Marie-Antoinette, images et visages d'une reine


Historienne, spécialiste de l’iconographie de l’Ancien régime et de la Révolution française, professeure des Universités (Cergy-Pontoise), Annie Duprat vient de publier, dans la collection « Vies parallèles » chez Autrement, un ouvrage érudit et passionnant sur Marie-Antoinette.

 

C’est sous l’angle des « images » qu’Annie Duprat revisite cette figure célèbre de l’histoire de France qu’elle avait déjà abordée dans un livre paru en 2006, chez Perrin, sous le titre Marie-Antoinette. Une reine brisée.

 


 

« La tragédie de la mort est en ceci qu’elle transforme la vie en destin » (André Malraux)

 

Fille de Marie-Thérèse, impératrice d’Autriche, Maria-Antonia a été mariée en 1770 à l’âge de quatorze ans (comme Anne d’Autriche en 1615 avec Louis XIII) au dauphin de France, Louis de Bourbon, duc de Berry, à savoir le futur Louis XVI. Cette union devait sceller une alliance entre les deux monarchies les plus influentes du continent européen. Devenue reine à dix-huit ans et mère à vingt-trois, elle est victime des fureurs de la Révolution. Événement mondialement connu de nos jours, elle est guillotinée à Paris sur l’actuelle place de la Concorde, tout comme son époux quelques mois auparavant, après un simulacre de procès le 16 octobre 1793. Pour l’historienne, c’est sa mort brutale (qui n’est pas rare dans les circonstances turbulentes de la Terreur) qui a fait de sa vie un destin exceptionnel.

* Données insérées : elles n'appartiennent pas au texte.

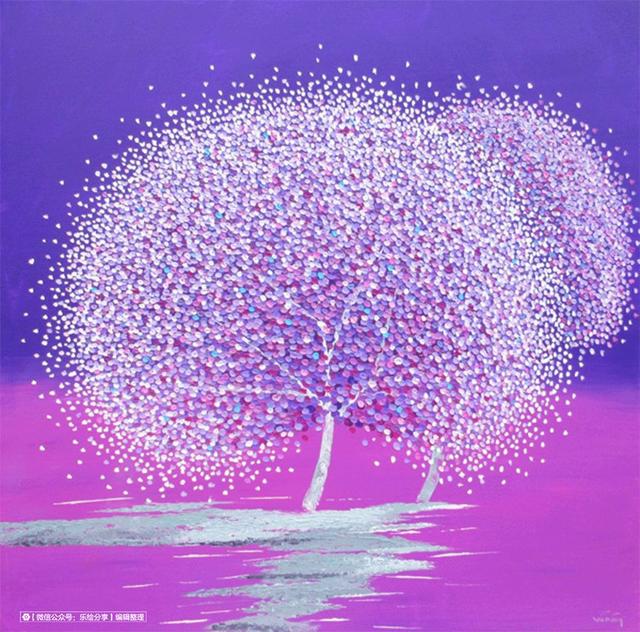 �������ͣ����Ļ���ֻ�е㣬��������˶���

Il y a peu de femmes qui ont déclenché autant de passions contradictoires dans l’histoire de France. Elle est à l’image de Jeanne d’Arc ou Catherine de Médicis, un personnage hors du commun, une icône aux multiples visages. Victime d’une forme de « traite des princesses » dans une Europe où les alliances matrimoniales sont, pour les monarchies, la norme, elle a été « offerte » à la France dans un contexte antiautrichien très fort. En renversant la diplomatie traditionnelle, celle établie par Richelieu, les traités de Versailles de 1756 et 1757 étaient bien trop défavorables, pour l’opinion, aux intérêts français. L’alliance franco-autrichienne devait permettre à Marie-Thérèse de récupérer la Silésie à la Prusse (perdue après la guerre de Succession d’Autriche entre 1740 et 1748) avec l’aide militaire et financière de la France en échange d’une garantie mutuelle des possessions et quelques compensations territoriales sur la côte flamande. Or, Marie-Antoinette n’est jamais parvenue à faire oublier les travers diplomatiques de ces traités jugés humiliants pour la France. Les premiers pamphlets critiques contre la dauphine d’origine étrangère n’ont pas de mots assez durs contre les prétentions des Habsbourg d’Autriche. Tout est d’abord affaire de politique (voir par exemple le libelle de Jean-Louis Favier connu dès 1757 bien que publié en 1778 sous le titre Doutes et questions sur le Traité de Versailles du 1er mai 1756 entre le roi et l’impératrice-reine de Hongrie).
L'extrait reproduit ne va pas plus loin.